Слышали что-нибудь об этом деле? спросил он.
Ни слова. Я уже несколько дней не заглядывал в газеты.
В лондонской прессе о нем пишут недостаточно подробно. Я только что изучил все последние номера газет, чтобы собрать детали. По-моему, нам досталось одно из тех простых дел, которые невероятно трудно распутать.
Звучит немного парадоксально.
Однако это истинная правда. В оригинальности почти всегда кроется подсказка. Чем зауряднее и невыразительнее преступление, тем труднее его раскрыть. Но в этом случае весьма серьезные подозрения падают на сына убитого[1].

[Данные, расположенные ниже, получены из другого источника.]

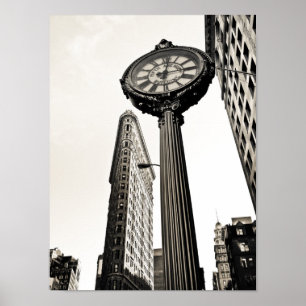 Affiches New York City - Flatiron Building and Clock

Разумеется, мотив или мотивация важный и интересный аспект каждого насильственного преступления, и на суде присяжные почти всегда хотят об этом услышать, но зачастую это не очень помогает раскрыть преступления. Как отметил Рон Уокер, рассказывая мне о деле Шари Смит, мы знали, что мотивом должны были быть деньги или сексуальное насилие, возможно, с элементом мести. И хотя выяснить это было важно, сам по себе ответ мало чего бы нам дал. Точно так же мотив ограбления в темном переулке очевиден, но не помогает определить преступника. Вот почему мы почти никогда не принимали дела об убийствах при отягчающих обстоятельствах например при ограблении банка или похожих вещей из разряда «обычных» преступлений. Обстоятельства и поведение преступника в таких ситуациях были недостаточно характерными, чтобы мы могли добавить что-то значительное к стандартному полицейскому расследованию.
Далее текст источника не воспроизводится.